**TASK INSTRUCTIONS:** What is needed is an exact copy of the entries below, with every picture left out.

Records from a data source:

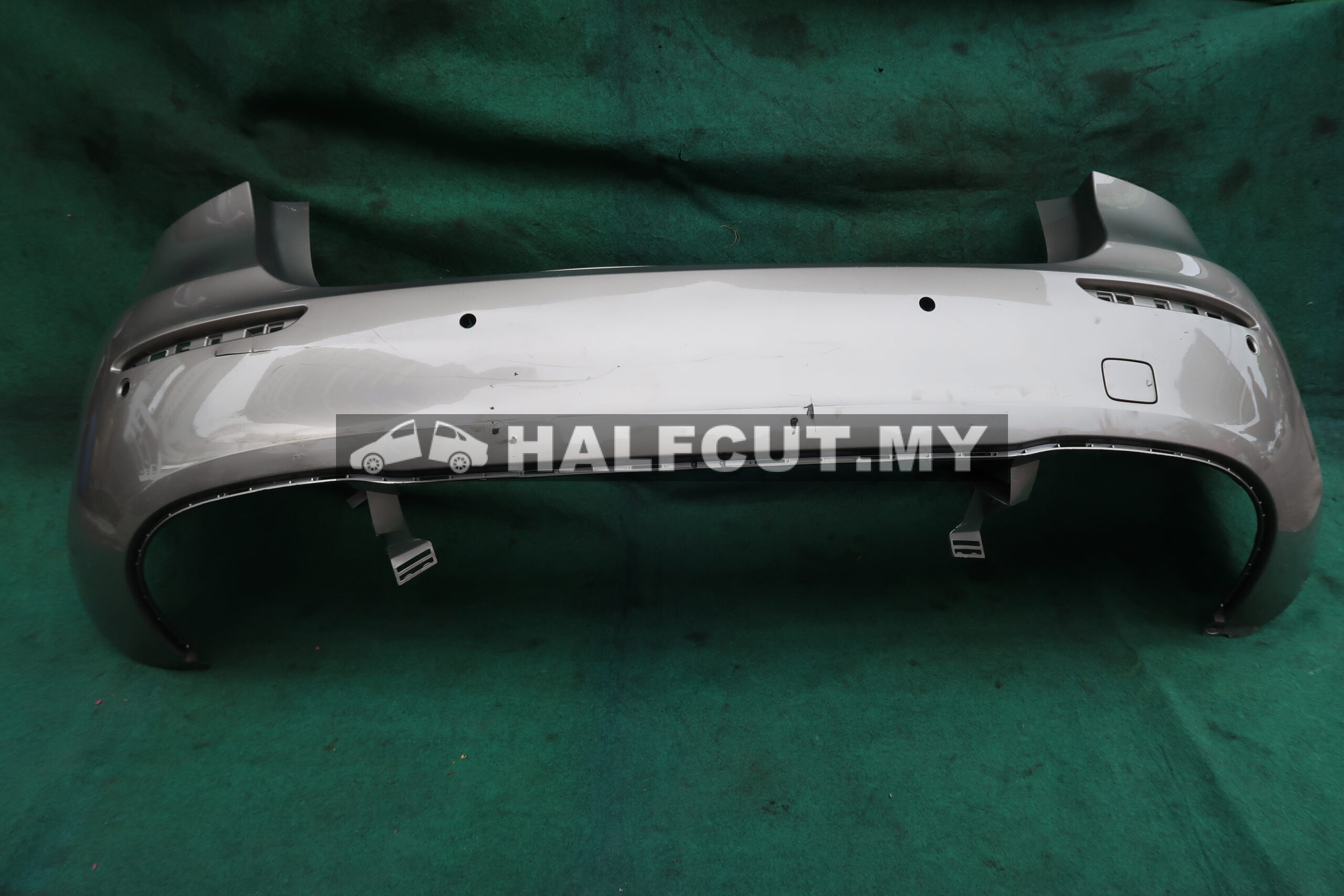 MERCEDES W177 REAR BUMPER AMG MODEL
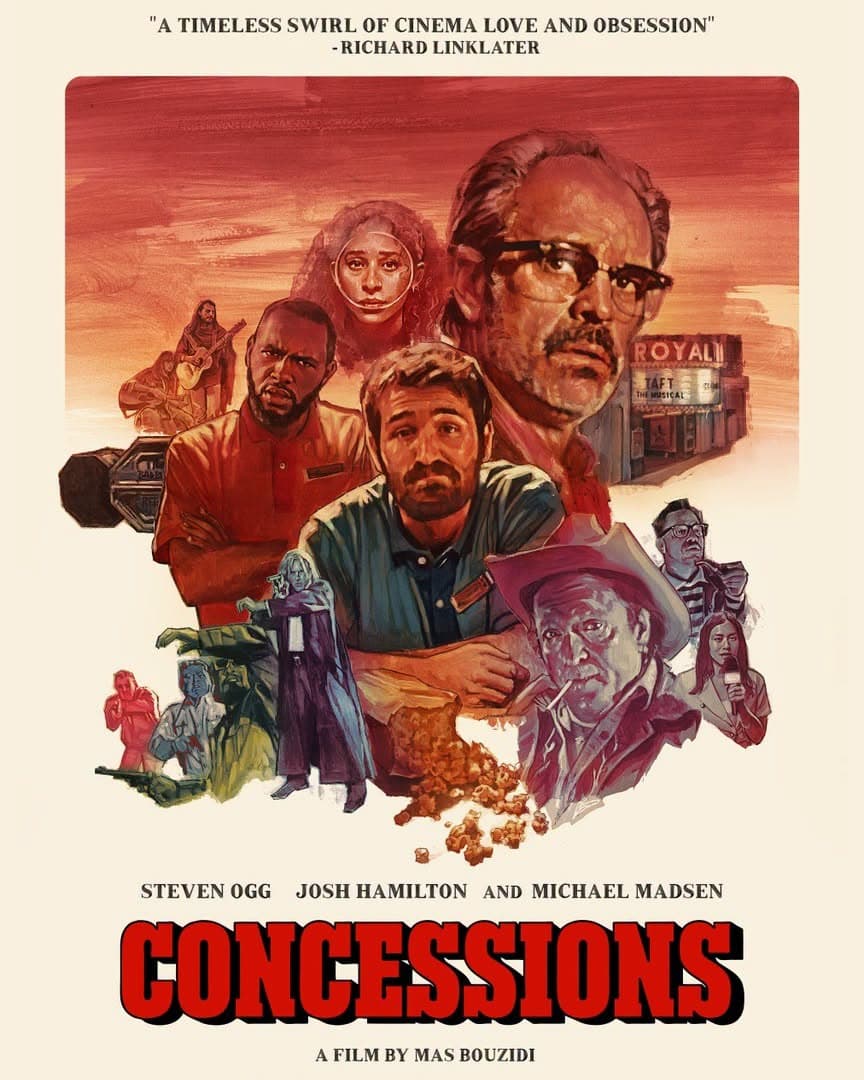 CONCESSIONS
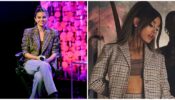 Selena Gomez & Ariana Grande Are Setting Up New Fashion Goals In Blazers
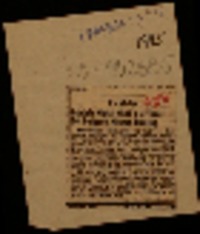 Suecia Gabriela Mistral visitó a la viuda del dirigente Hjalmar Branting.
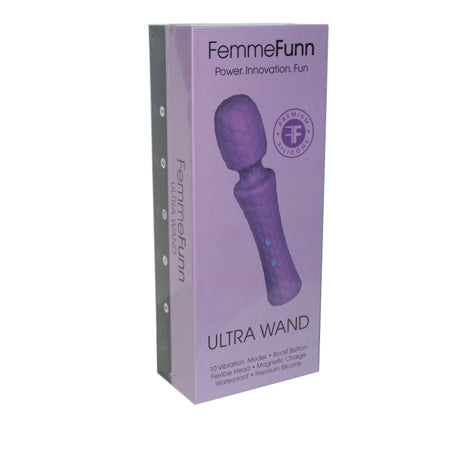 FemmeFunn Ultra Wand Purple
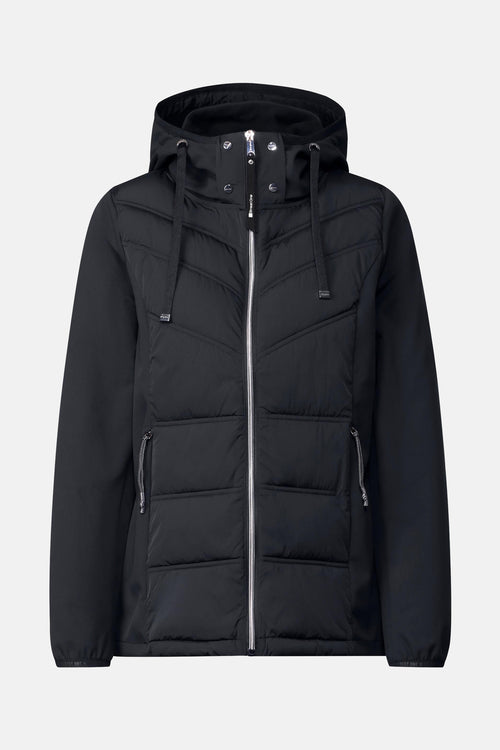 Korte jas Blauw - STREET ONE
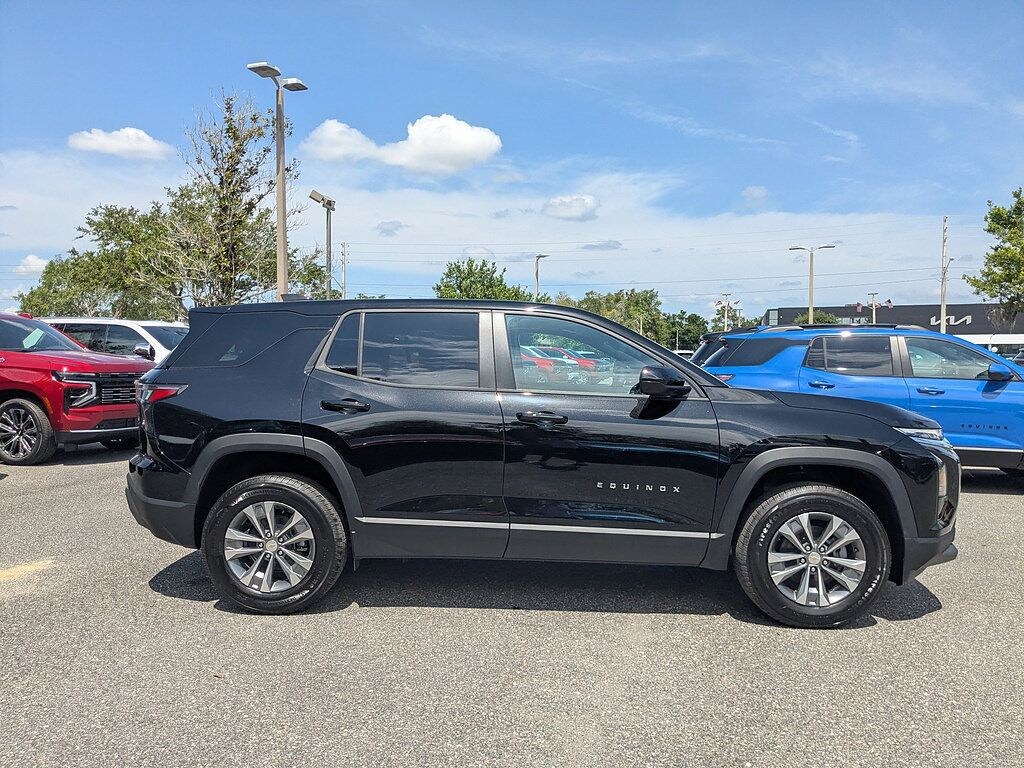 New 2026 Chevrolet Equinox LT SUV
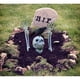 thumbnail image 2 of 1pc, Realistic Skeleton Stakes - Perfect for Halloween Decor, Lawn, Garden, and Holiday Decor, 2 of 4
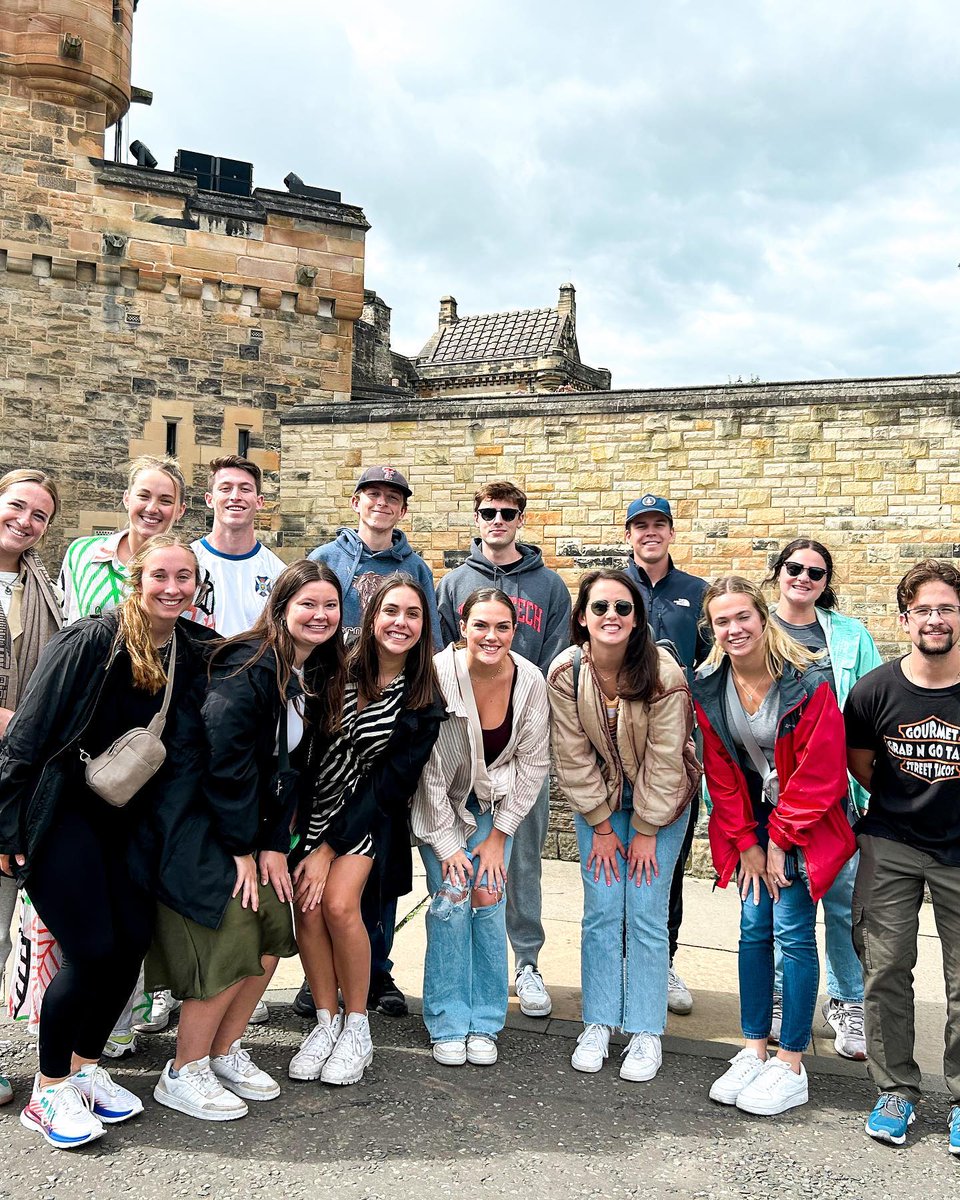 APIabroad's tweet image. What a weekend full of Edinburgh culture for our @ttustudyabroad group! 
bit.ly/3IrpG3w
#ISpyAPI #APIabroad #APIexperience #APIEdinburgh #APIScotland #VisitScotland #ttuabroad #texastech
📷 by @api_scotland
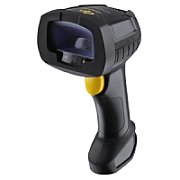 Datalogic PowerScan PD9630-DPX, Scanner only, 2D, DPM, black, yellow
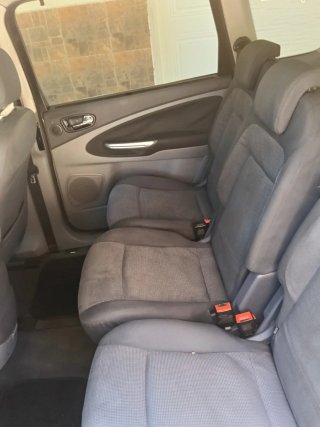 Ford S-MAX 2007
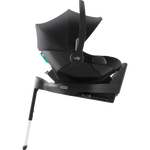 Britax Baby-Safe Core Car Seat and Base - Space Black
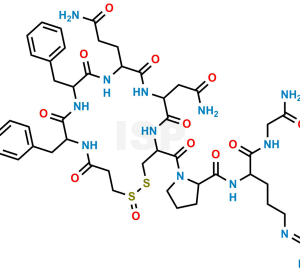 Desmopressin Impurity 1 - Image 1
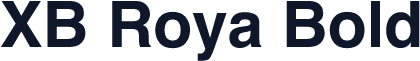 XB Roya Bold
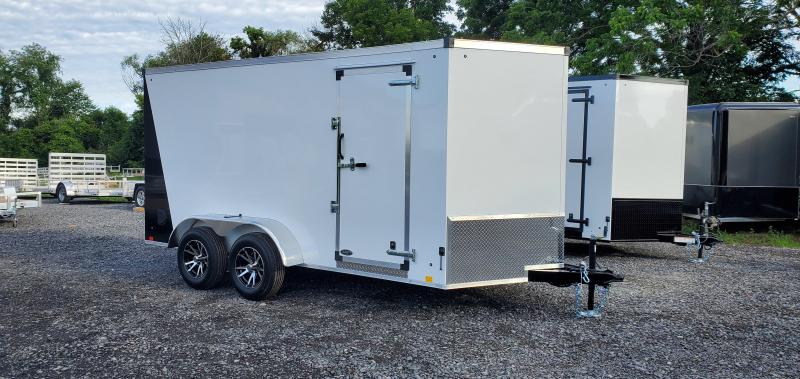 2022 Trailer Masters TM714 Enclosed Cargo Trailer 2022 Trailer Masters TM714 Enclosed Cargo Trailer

**YOUR SOLUTION:**
 MERCEDES W177 REAR BUMPER AMG MODEL
 CONCESSIONS
 Selena Gomez & Ariana Grande Are Setting Up New Fashion Goals In Blazers
 Suecia Gabriela Mistral visitó a la viuda del dirigente Hjalmar Branting.
 FemmeFunn Ultra Wand Purple
 Korte jas Blauw - STREET ONE
 New 2026 Chevrolet Equinox LT SUV
 thumbnail image 2 of 1pc, Realistic Skeleton Stakes - Perfect for Halloween Decor, Lawn, Garden, and Holiday Decor, 2 of 4
 APIabroad's tweet image. What a weekend full of Edinburgh culture for our @ttustudyabroad group! 
bit.ly/3IrpG3w
#ISpyAPI #APIabroad #APIexperience #APIEdinburgh #APIScotland #VisitScotland #ttuabroad #texastech
📷 by @api_scotland
 Datalogic PowerScan PD9630-DPX, Scanner only, 2D, DPM, black, yellow
 Ford S-MAX 2007
 Britax Baby-Safe Core Car Seat and Base - Space Black
 Desmopressin Impurity 1 - Image 1
 XB Roya Bold
 2022 Trailer Masters TM714 Enclosed Cargo Trailer 2022 Trailer Masters TM714 Enclosed Cargo Trailer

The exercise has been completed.